FOREIGN investors are flocking to Malaysian bonds as the debt offers greater shelter from global volatility than regional peers.

Global funds poured $233 million into Malaysian government bonds in April, the largest inflow in five months, in contrast to outflows in Thai and Indonesian bonds. Despite headwinds for the region’s debt such as recent dollar strength and rising Treasury volatility, Malaysian bonds have outperformed Southeast Asian peers, according to a Bloomberg index.

Demand for ringgit notes has risen due to robust onshore liquidity and Bank Negara Malaysia’s reluctance to raise borrowing costs to prop up the currency. The central bank ha refrained from tightening policy to mirror the Federal Reserve’s higher-for-longer stance, and this is positive for bonds.
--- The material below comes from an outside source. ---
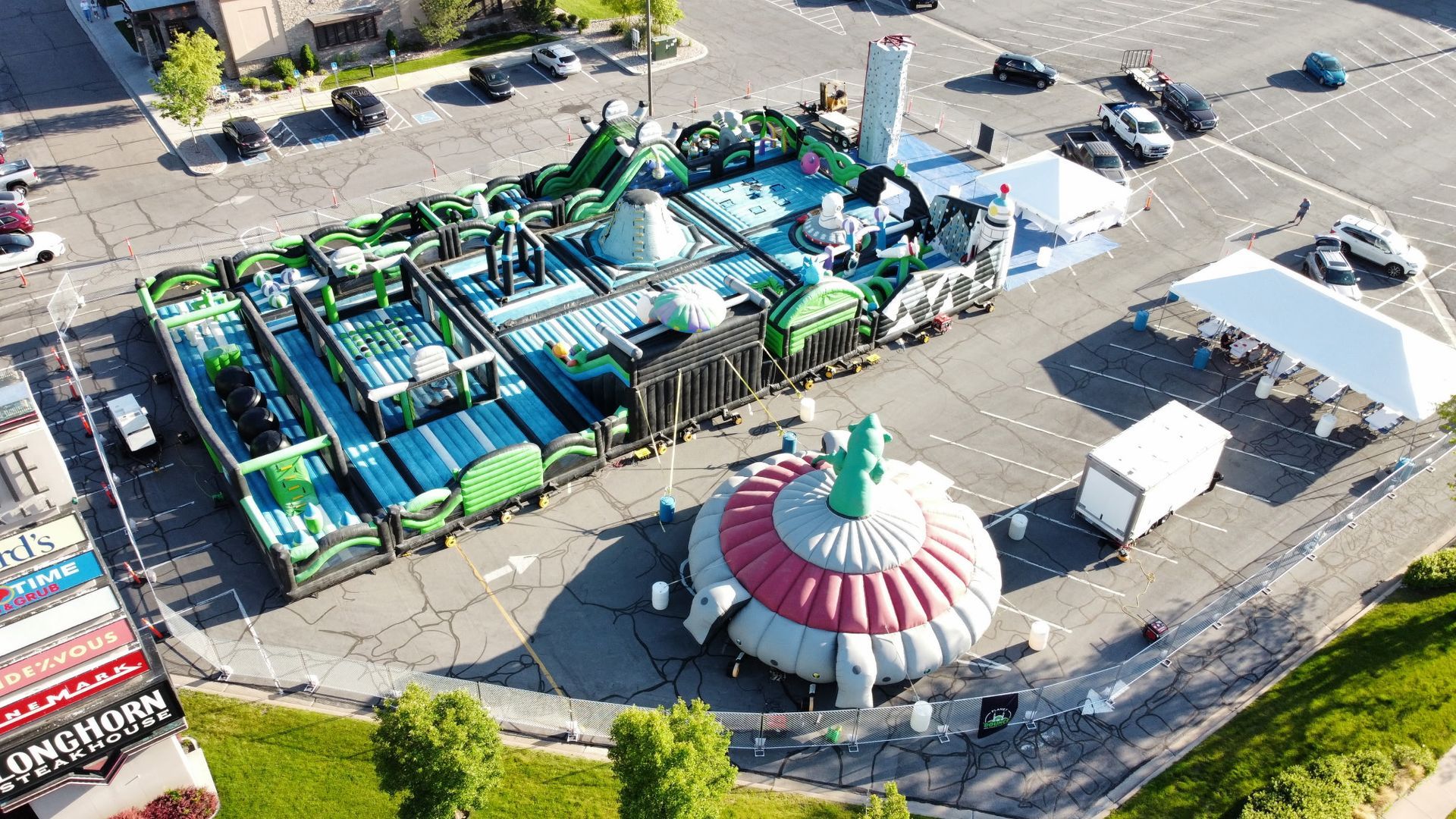 An aerial view of a large inflatable water park in a parking lot.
“While many global investors seem to believe the central bank is ever ready to hike to defend the currency, we believe the public perception is wrong,” wrote Barclays Bank Plc economist Brian Tan in a note last week. “Not a single rate hike or cut since 2010 was driven by the ringgit or the Fed.”

Malaysian bonds historically show less vulnerability to Treasury volatility, only rising by 0.28 basis points for every one gained in US yields, while falling 0.31 basis points for a similar downward move, according to data on US bond moves since 2022, compiled by Bloomberg

Malaysian debt demand is also anchored by a large local investor base, including the domestic pension funds, which shelter the bonds from Treasury swings. Despite the Employees Provident Fund, the nation’s largest pension fund, announcing in April that it will allow depositors an early withdrawal, this does not appear to have impacted primary bond interest.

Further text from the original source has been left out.